-- RECORDS SUPPLIED follows --
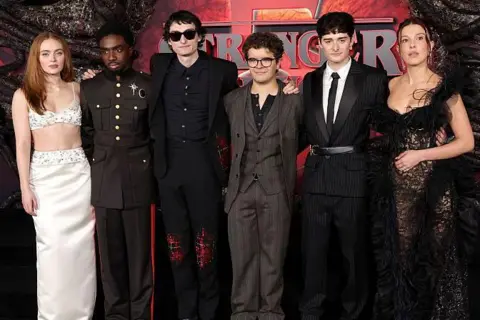 Getty Images Sadie Sink, Caleb McLaughlin, Finn Wolfhard, Gaten Matarazzo, Noah Schnapp and Millie Bobby Brown in smart clothes at the premiere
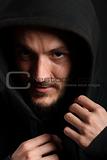 Portrait of young man hiding in black hood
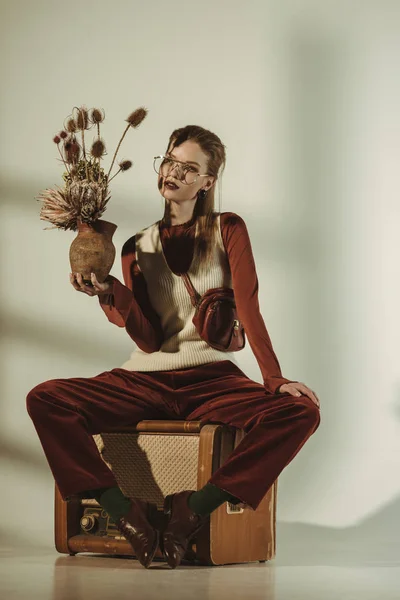 Attraktive Frau hält einen Strauß trockener Blumen in der Hand und sitzt auf einem Vintage-Fernseher in Beige — Stockfoto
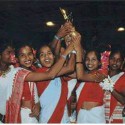 The 18 girls in their traditional attire, lifting the trophy at Victoria Gastiez, Spain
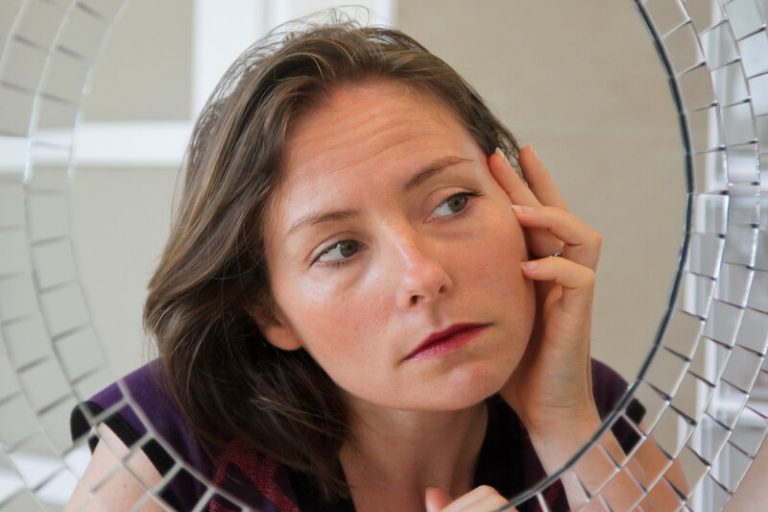 Une femme qui observe que sa peau vieillit plus vite à cause de sa consommation de sucre.
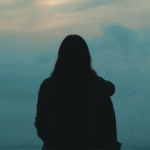 Woman staring into the greenish cast of a sunset while contemplating the weekly horoscope for April 12-18, 2026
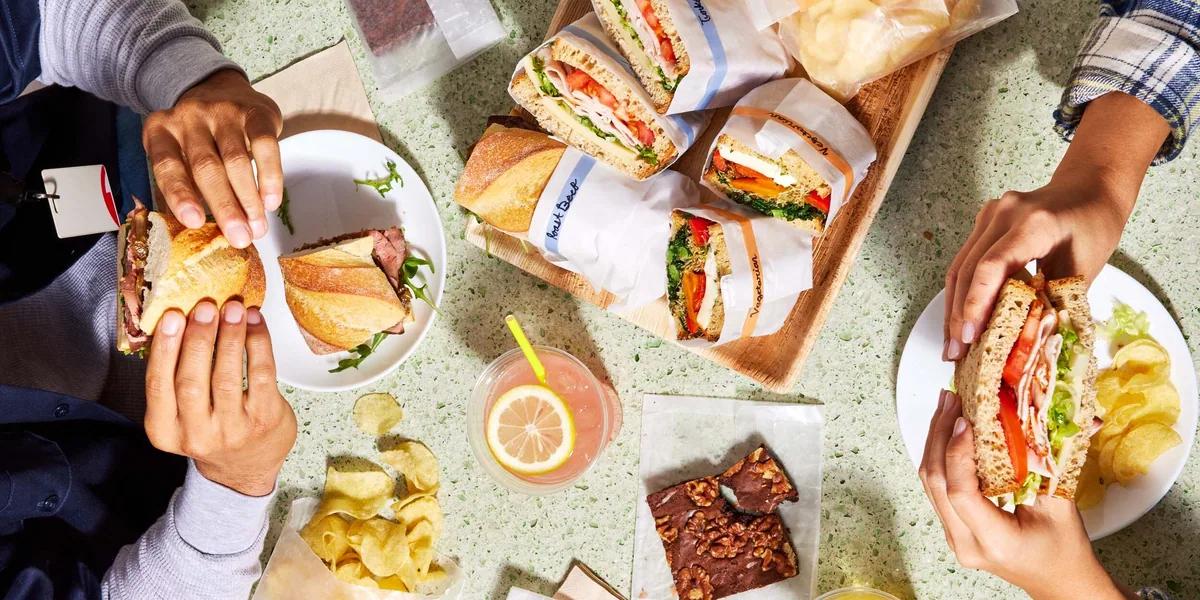 Colleagues holding wrapped sandwiches at a shared lunch table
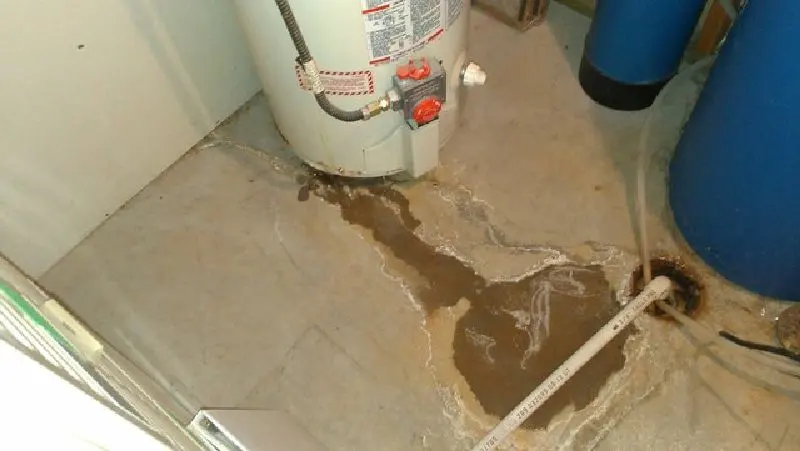 Monroe water heater leak cleanup: a leaking tank spreading rusty water across a basement floor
-- RECORDS SUPPLIED concluded --
Your answer must consist solely of the lines from the one containing "Portrait of young man hiding in black hood" through the last line of the records above, copied exactly, with every picture left out.

__TASK RESPONSE__.
 Portrait of young man hiding in black hood
 Attraktive Frau hält einen Strauß trockener Blumen in der Hand und sitzt auf einem Vintage-Fernseher in Beige — Stockfoto
 The 18 girls in their traditional attire, lifting the trophy at Victoria Gastiez, Spain
 Une femme qui observe que sa peau vieillit plus vite à cause de sa consommation de sucre.
 Woman staring into the greenish cast of a sunset while contemplating the weekly horoscope for April 12-18, 2026
 Colleagues holding wrapped sandwiches at a shared lunch table
 Monroe water heater leak cleanup: a leaking tank spreading rusty water across a basement floor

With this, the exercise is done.